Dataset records
>>>>
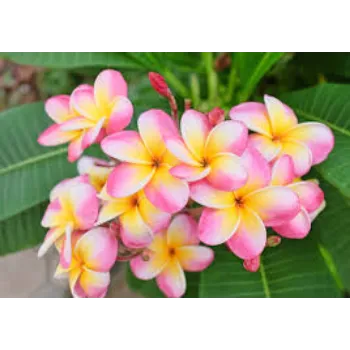 Organic Plumeria Plants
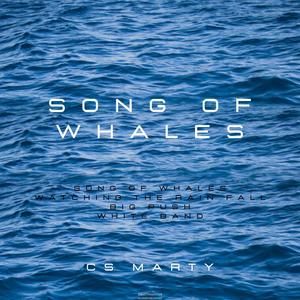 Song of Whales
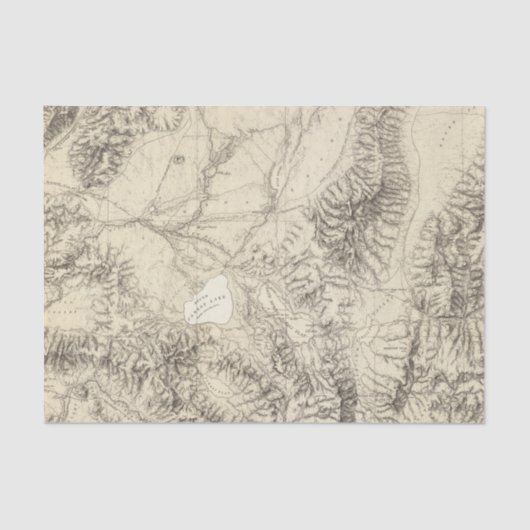 西部のネバダ 薄葉紙 (正面)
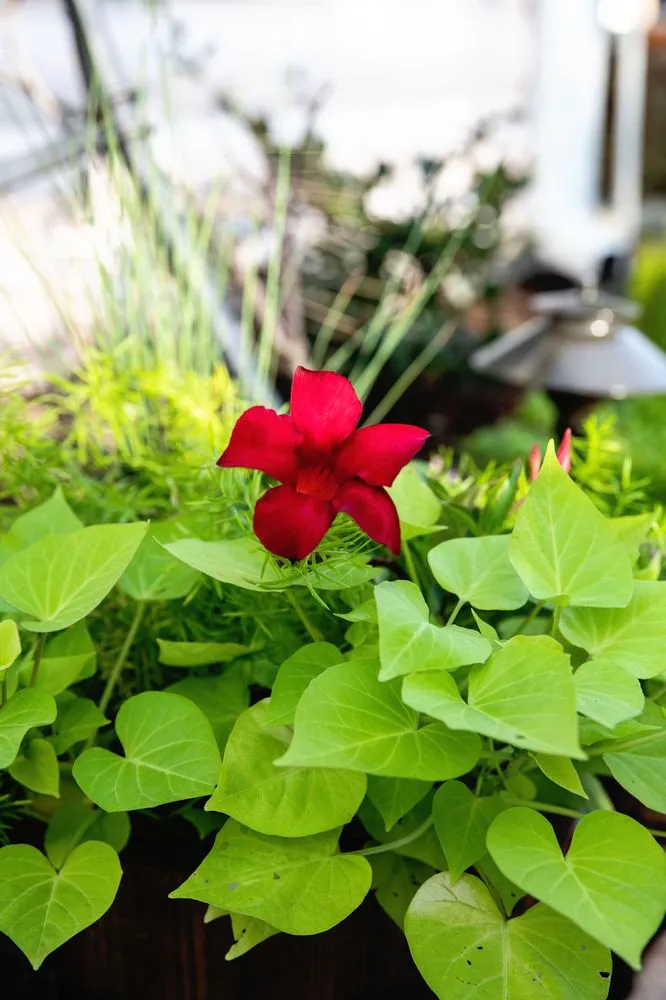 Reliable garden landscaping in Shalimar, FL - Wildwood Garden Shoppe & Nursery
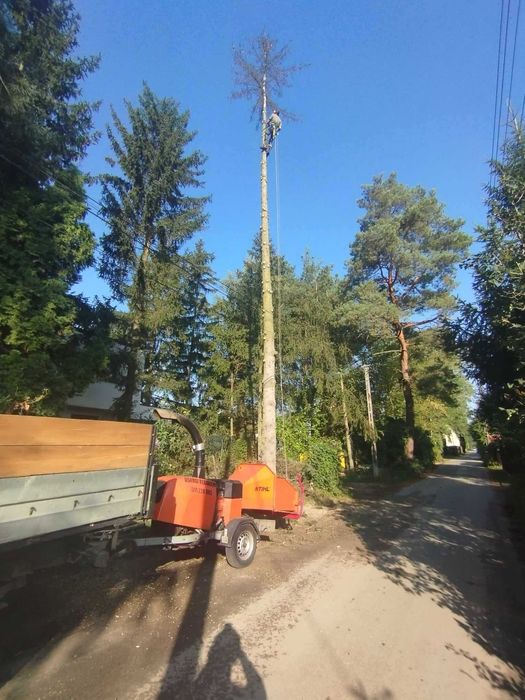 Wycinka i przycinka drzew, krzewów + rozdrabnianie gałęzi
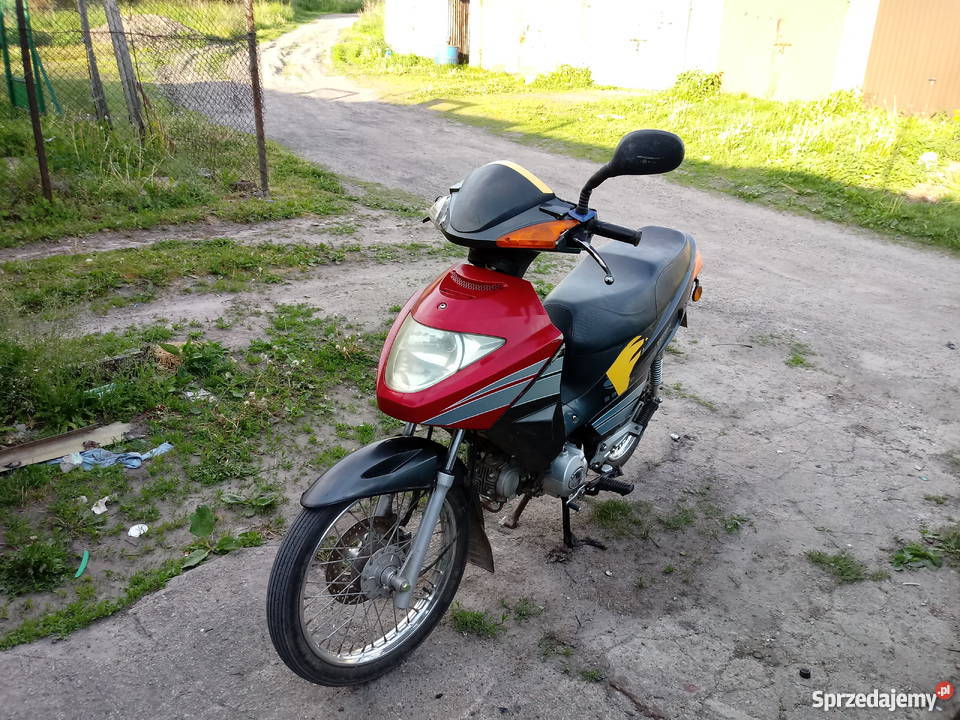 Sprzedam zippa salmo Wopławki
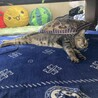 ストーカー並みに人が大好きすぎる子です サムネイル3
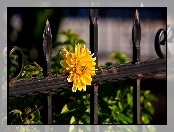 Żółty, Ogrodzenie, Kwiat, Metalowe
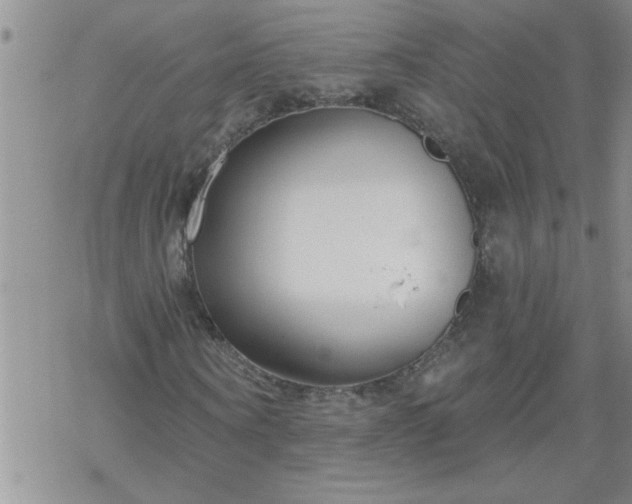 X0000069380866200605192146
<<<<
● **GOAL OF THE EXERCISE**: From the line that contains "ストーカー並みに人が大好きすぎる子です サムネイル3" to the last line of the records above, copy each line exactly, both ends included, and leave the pictures out.

● **SOLUTION FOR THIS TASK**:
 ストーカー並みに人が大好きすぎる子です サムネイル3
 Żółty, Ogrodzenie, Kwiat, Metalowe
 X0000069380866200605192146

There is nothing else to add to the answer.